Dá pra ouvir um tom de Clementina de Jesus nos vocais incorporados de Letícia Novaes (a popular Letrux) em As feras, essas queridas, primeira música completa desse Letrux como mulher girafa – aberto na verdade pela pequena Introdução ao reino animal, a primeira das seis vinhetas que aparecem no álbum.

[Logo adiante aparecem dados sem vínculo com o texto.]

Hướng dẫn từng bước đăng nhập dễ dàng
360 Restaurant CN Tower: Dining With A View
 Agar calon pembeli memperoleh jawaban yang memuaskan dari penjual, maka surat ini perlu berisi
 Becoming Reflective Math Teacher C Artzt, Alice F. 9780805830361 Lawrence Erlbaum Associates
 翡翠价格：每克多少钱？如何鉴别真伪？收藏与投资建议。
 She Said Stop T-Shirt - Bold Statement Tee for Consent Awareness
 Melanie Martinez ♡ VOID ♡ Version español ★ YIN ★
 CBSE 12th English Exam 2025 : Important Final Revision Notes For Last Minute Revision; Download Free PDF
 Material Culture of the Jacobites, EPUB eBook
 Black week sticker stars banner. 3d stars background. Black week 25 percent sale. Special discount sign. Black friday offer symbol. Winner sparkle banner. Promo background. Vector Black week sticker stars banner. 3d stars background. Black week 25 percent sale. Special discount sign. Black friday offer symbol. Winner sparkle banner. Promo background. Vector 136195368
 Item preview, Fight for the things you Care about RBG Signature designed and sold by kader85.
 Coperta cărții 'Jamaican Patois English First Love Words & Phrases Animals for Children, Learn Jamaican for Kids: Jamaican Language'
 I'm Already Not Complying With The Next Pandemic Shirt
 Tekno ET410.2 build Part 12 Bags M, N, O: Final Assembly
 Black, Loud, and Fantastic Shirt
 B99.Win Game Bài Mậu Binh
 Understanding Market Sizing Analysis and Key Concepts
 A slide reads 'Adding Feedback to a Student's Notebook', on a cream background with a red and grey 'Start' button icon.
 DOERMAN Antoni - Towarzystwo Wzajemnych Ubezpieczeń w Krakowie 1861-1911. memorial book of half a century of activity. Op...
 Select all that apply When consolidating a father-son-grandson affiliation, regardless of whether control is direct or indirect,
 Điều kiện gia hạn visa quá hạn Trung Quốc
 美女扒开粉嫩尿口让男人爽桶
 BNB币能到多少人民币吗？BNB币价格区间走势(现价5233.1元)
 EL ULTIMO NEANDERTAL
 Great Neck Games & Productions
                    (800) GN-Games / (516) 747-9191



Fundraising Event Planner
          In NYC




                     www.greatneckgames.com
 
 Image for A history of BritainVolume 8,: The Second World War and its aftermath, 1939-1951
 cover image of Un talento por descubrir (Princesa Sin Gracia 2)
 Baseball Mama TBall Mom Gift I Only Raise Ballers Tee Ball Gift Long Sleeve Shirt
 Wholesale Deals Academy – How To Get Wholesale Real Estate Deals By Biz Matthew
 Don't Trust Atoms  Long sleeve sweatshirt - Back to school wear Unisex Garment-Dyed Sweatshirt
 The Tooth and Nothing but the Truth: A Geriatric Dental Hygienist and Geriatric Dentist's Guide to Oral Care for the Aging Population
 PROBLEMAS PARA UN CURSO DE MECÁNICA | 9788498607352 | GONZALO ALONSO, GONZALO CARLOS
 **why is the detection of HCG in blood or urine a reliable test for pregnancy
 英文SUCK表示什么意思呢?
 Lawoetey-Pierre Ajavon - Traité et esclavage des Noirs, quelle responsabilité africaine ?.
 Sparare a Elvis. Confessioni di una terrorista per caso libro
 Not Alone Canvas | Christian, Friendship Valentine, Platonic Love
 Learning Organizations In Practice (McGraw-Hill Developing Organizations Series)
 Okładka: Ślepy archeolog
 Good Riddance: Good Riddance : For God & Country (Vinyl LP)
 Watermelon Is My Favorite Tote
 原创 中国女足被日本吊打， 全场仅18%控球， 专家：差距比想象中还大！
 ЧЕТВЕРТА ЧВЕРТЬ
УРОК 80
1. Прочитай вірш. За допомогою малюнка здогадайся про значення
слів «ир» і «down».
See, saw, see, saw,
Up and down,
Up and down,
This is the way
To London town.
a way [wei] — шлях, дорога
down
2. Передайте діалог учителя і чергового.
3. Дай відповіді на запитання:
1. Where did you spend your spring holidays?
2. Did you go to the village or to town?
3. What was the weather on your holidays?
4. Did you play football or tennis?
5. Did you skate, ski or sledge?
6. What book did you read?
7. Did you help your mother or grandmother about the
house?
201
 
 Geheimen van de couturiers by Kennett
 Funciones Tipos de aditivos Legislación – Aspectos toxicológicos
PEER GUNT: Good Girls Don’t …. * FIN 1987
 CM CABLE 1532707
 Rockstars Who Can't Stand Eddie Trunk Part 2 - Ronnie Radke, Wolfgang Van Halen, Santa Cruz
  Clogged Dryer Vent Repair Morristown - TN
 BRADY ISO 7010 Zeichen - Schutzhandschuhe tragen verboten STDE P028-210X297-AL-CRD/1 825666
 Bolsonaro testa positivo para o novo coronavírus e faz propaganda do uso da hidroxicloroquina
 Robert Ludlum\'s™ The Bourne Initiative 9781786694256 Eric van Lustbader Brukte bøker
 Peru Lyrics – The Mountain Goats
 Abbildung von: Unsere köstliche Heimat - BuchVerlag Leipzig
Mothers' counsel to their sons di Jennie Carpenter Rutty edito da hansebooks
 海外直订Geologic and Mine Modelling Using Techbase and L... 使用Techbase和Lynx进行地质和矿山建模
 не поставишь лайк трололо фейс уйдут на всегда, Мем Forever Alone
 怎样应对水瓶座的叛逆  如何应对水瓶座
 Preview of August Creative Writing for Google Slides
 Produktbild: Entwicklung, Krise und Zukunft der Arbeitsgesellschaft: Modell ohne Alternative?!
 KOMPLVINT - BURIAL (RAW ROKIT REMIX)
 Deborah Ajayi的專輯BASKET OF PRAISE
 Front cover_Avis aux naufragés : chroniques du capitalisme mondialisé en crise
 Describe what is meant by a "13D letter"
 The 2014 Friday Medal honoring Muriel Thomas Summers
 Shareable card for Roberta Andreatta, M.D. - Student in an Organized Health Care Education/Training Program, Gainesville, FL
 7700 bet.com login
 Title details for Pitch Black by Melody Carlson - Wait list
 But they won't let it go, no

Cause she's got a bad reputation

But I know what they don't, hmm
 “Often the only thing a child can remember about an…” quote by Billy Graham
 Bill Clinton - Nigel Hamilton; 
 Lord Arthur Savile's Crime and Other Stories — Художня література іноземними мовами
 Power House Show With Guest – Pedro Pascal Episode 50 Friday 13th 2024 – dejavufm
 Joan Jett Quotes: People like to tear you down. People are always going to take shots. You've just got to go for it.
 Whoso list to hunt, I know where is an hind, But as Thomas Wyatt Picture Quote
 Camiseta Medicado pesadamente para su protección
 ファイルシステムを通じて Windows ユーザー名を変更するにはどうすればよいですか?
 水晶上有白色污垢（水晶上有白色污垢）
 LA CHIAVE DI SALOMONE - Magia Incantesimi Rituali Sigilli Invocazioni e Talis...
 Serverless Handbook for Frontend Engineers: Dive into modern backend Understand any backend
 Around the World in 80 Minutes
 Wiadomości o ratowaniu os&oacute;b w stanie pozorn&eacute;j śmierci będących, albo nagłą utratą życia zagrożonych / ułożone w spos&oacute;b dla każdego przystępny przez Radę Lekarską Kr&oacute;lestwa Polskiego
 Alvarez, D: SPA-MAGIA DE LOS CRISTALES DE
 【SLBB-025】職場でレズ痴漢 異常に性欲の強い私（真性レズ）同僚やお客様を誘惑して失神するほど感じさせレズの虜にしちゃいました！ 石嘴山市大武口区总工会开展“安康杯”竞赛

O terceiro disco dela traz um leque bem aberto de referências, e foi gravado com um apuro técnico bem mais evidente que os anteriores (ainda que a estreia Letrux em noite de climão seja uma das melhores descobertas nacionais musicais da década anterior). Principalmente, é trilhado num corredor oitentista que faz imaginar uma música como Louva deusa, lembrando um misto de Cindy Lauper e Pretenders, como uma pérola recolhida de alguma suposta e antiga trilha de novela. Ou Crocodilo como uma novidade linkada a Gang 90 e ao Remota batucada, de May East (por acaso uma ex-Gang). Tem também o blues bem feito de Formiga e Lulu Santos soltando a voz em Zebra, tecnopop especial para fãs do Depeche Mode ou da fase maldita do Human League.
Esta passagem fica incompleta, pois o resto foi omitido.